-- Material provided follows --

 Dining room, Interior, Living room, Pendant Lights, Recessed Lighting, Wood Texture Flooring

-- Material provided concluded --
-- Material provided follows --

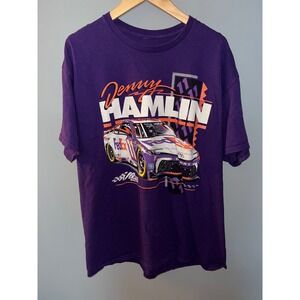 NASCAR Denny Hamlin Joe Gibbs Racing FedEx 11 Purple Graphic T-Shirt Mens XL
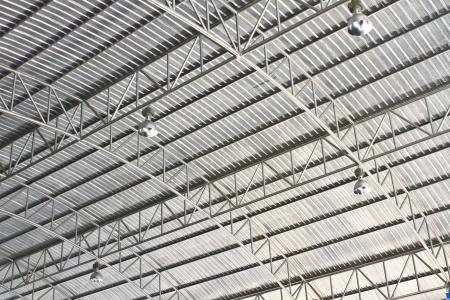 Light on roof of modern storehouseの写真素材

-- Material provided concluded --
-- Material provided follows --

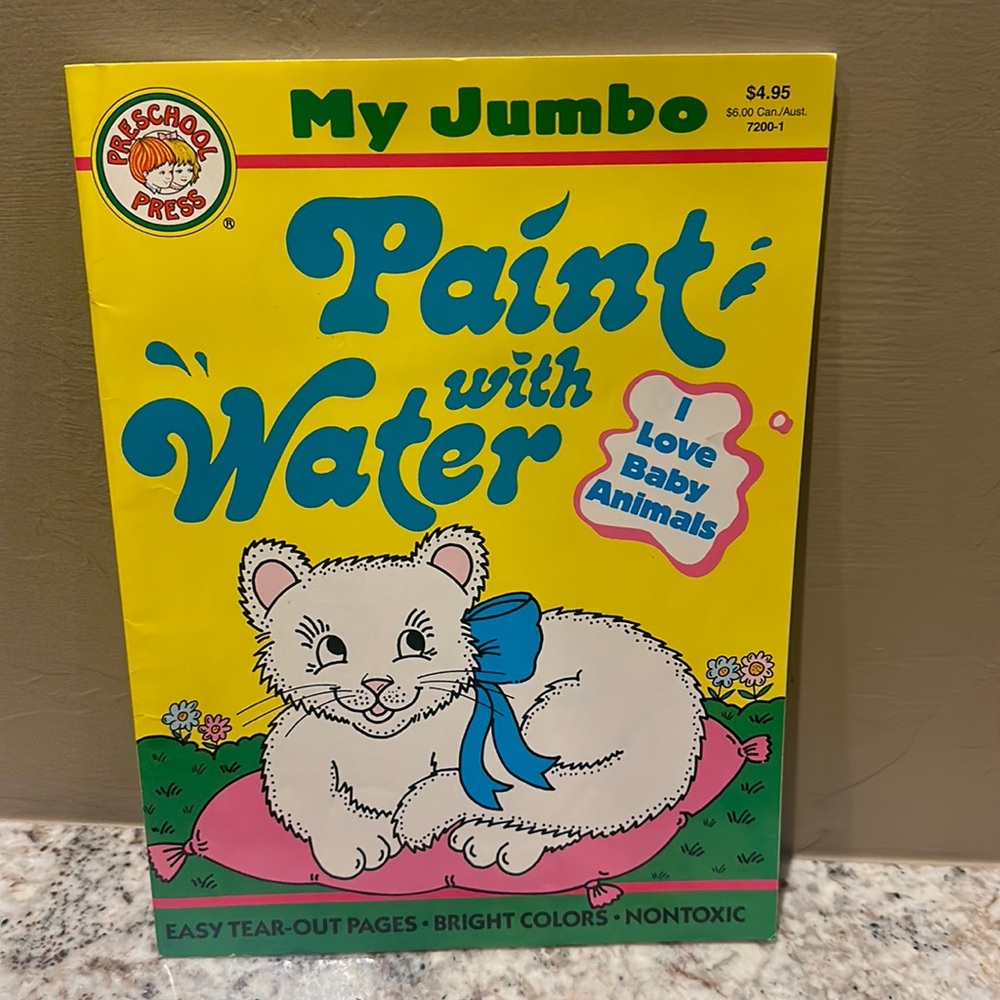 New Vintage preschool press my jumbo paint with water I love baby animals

-- Material provided concluded --

— Problem details —
Starting with the line above that holds "NASCAR Denny Hamlin", restate each line word for word up to and including the line that holds "Light on roof of modern storehouseの写真素材". Drop the pictures.

— Answer space —
 NASCAR Denny Hamlin Joe Gibbs Racing FedEx 11 Purple Graphic T-Shirt Mens XL
 Light on roof of modern storehouseの写真素材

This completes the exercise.